The Benny Hill Show is an English comedy television show starring Benny Hill.
There were various incarnations of the show between 1951 and 1991, and it aired in over 140 countries. The show is generally sketch-based with heavy use of slapstick, mime, parody and double-entendre. Thames Television cancelled production of the show in June 1989, due to declining British audience ratings and large production costs at £450,000 per show.
The Benny Hill Show features Benny Hill in various short comedy sketches. The show also features occasional extravagant musical performances by top artists of the time. Hill appears in many different costumes and portrays a vast array of characters. Slapstick, burlesque and double entendres are his hallmark. A group of critics accused the show of sexism, but Hill said that female characters kept their dignity while the men chasing them were portrayed as buffoons.
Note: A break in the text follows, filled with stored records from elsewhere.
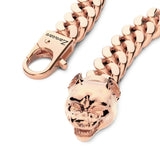 Zancan Bracciale Cubane Grumetta dettaglio chiusura testa pitbull e moschettone con logo inciso in oro rosa ESB100-R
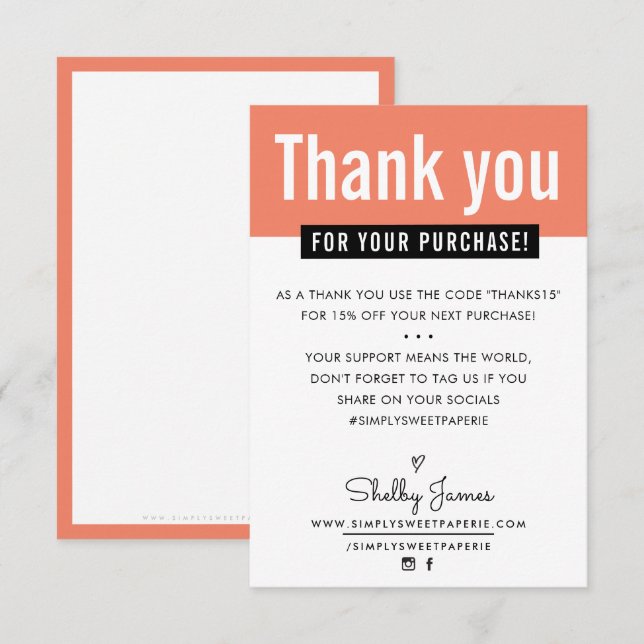 MODERN THANK YOU purchase insert orange Card (Front/Back)
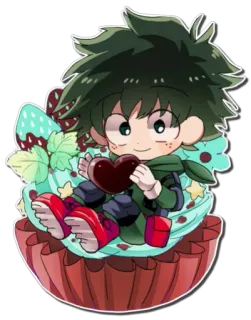 ❤️ Izuku Midoriya My Hero Academia アニメ, マンガ, かわいい, カワイイ, デク, 緑谷出久, 僕のヒーローアカデミア telegram sticker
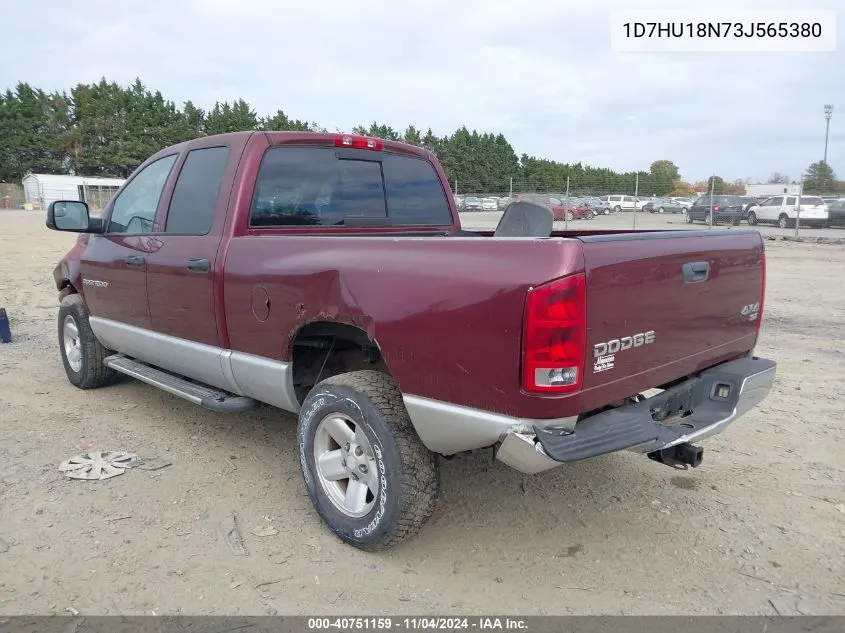 2003 Dodge Ram 1500 Slt/Laramie/St VIN: 1D7HU18N73J565380 Lot: 40751159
The show often uses undercranking and sight gags to create what he called "live animation" and he employes techniques like mime and parody. The show typically closes with a speeded-up chase scene involving himself and often a crew of scantily-clad women, a takeoff on the stereotypical Keystone Kops chase scenes. Hill also composed and sang patter songs and often entertained his audience with lengthy high-speed double-entendre rhymes and songs, which he recited or sang in a single take.
Hill also used the television camera to create comedic illusions. For example, in a murder mystery farce entitled "Murder on the Oregon Express" from 1976 (a parody of Murder on the Orient Express), Hill used editing, camera angles, and impersonations to depict a Quinn Martin–like TV "mystery" featuring Hill in the roles of 1970s American television detectives Ironside, McCloud, Kojak, Cannon and Hercule Poirot.
During his television career, Hill performed impersonations or parodies of American celebrities, such as W. C. Fields, Orson Welles (renamed "Orson Buggy") and Raymond Burr and fictional characters, ranging from The Six Million Dollar Man, Starsky and Hutch, Kenny Rogers, Marlon Brando, The A-Team and Cagney & Lacey. He also impersonated international celebrities including Nana Mouskouri. His own country's celebrities did not escape his comedic eye either: Hill also delivered impersonations of British stars such as Shirley Bassey, Michael Caine (in his Alfie role), newscasters Reginald Bosanquet, Alan Whicker and Cliff Michelmore, pop-music show hosts Jimmy Savile and Tony Blackburn, musician Roger Whittaker, his former 1960s record producer Tony Hatch, political figures Lord Boothby and Denis Healey, and Irish comedian Dave Allen. On a few occasions, he even impersonated his former straight man, Nicholas Parsons. A spoof of Who's Afraid of Virginia Woolf? saw him playing both Richard Burton and Elizabeth Taylor.